Human machine interfaces (HMI) are found virtually everywhere. From production factories and engineering plants to residential homes and consumer vehicles, they are used to enhance usability. Now, one of the world’s largest automakers has announced plans to develop variable HMI concepts for use in its cars.
When speaking at the annual carIT Congress in Frankfurt Germany, Volkswagen’s lead electrical development engineer said future cars need driver-situation dependent concepts. “Future cars will need such driver-situation dependent concepts“” said Volkmar Tanneberger. The VW team leader went on to say that HMI is a strong point for the automaker’s brand, and that “user experience is central to our ability to inspire people.”
We know that VW is hoping to capitalize on the ever-growing trend of HMI, but how exactly does it plan to implement HMI into its vehicles? Everything is pure speculation at this point, but some sources are claiming that it will introduce gesture controls. Gesture controls have long been used in smartphones and tablets, allowing mobile users to perform various commands like unlock, lock, snap a photo, open email, etc. simply by making hand gestures in front of the camera. VW could implement a similar gesture control feature in its automobiles. Imagine changing the radio station or turning up the air conditioner by moving your hands instead of actually touching the dash controls. Sounds pretty cool, high?
Of course, there are some hurdles to implementing gesture controls is automobiles. As noted by Tanneberger, there needs to be some type of standard used by automakers. If gesture controls are different between the different automakers, it could lead to confusion among drivers.
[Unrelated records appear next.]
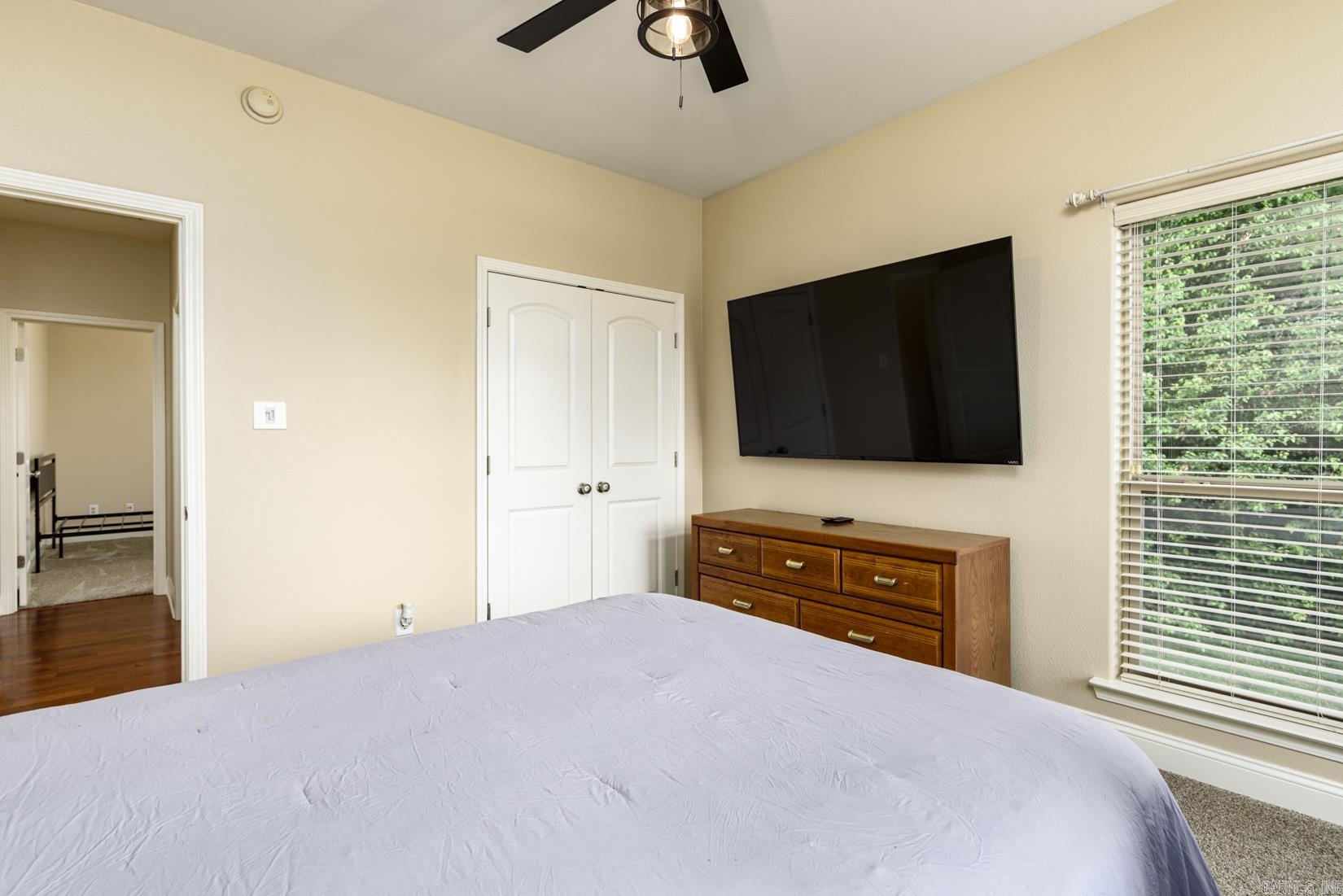 OAKBROOKE - Residential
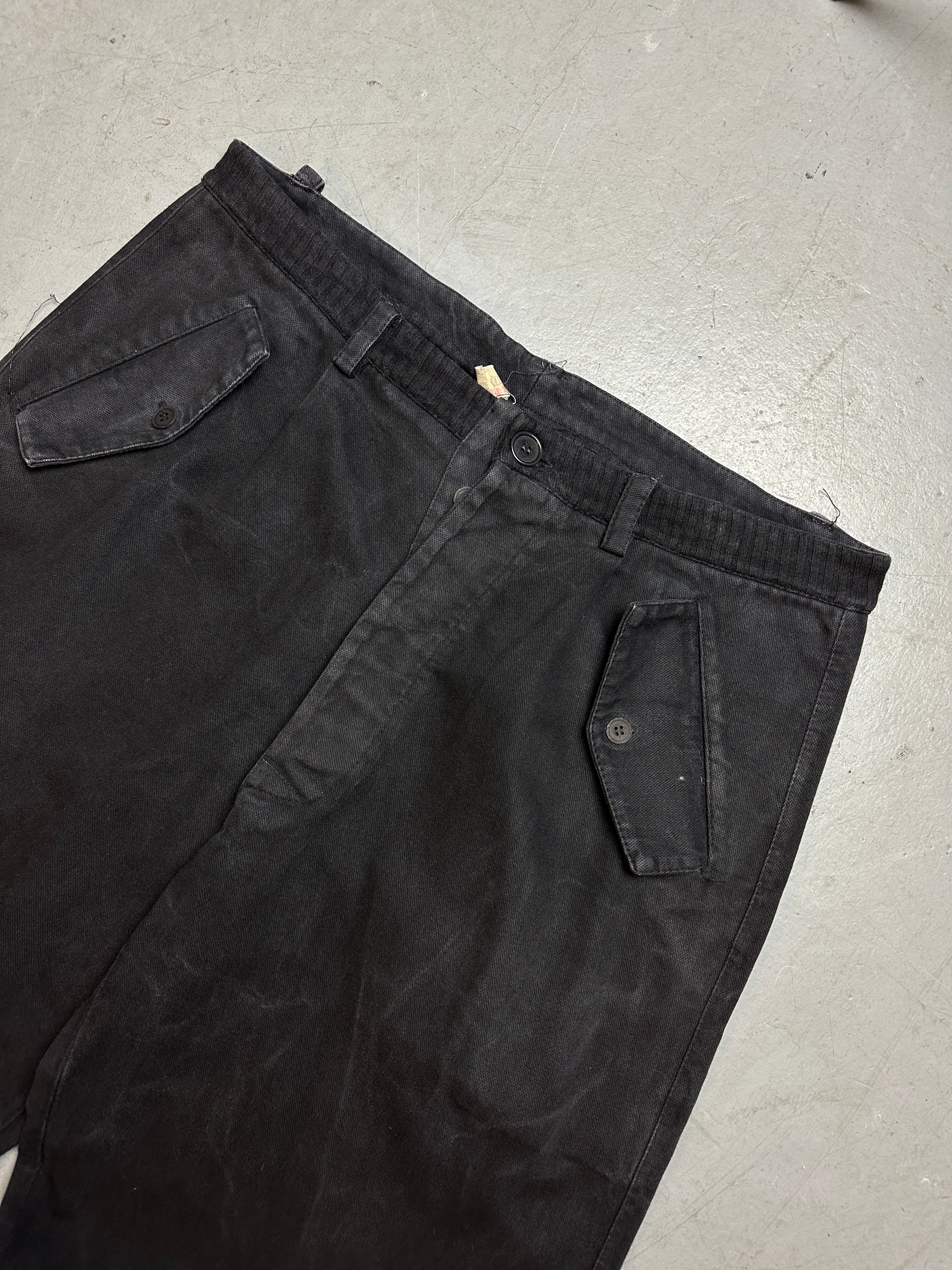 Detailbild von Vintage Black Wide Leg Patched Denim L/XL von vorne 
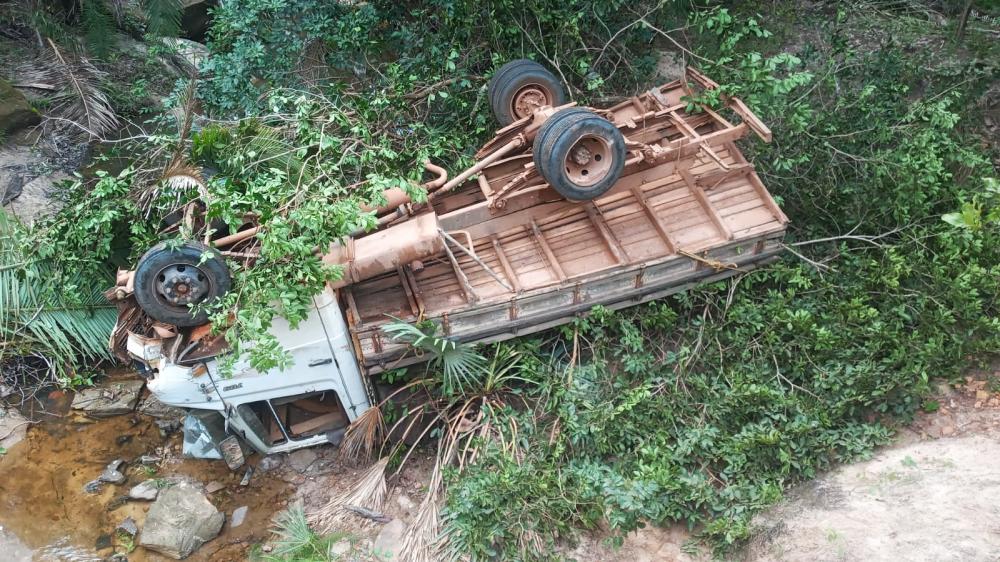 Caminhão tomba após motorista perder controle em ponte de Monsenhor Gil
This means automakers must coordinate with one another to create a universal standard that dictates how the gesture controls will work. If swiping your hand left turns on the radio in a VW, it should do the same for a BMW.
Touchscreen panels are another form of HMI that we’ll likely see more of in the years to come. Nearly all of the major automakers already offer touchscreen interfaces, but it’s now becoming an almost standard feature in modern-day cars and trucks.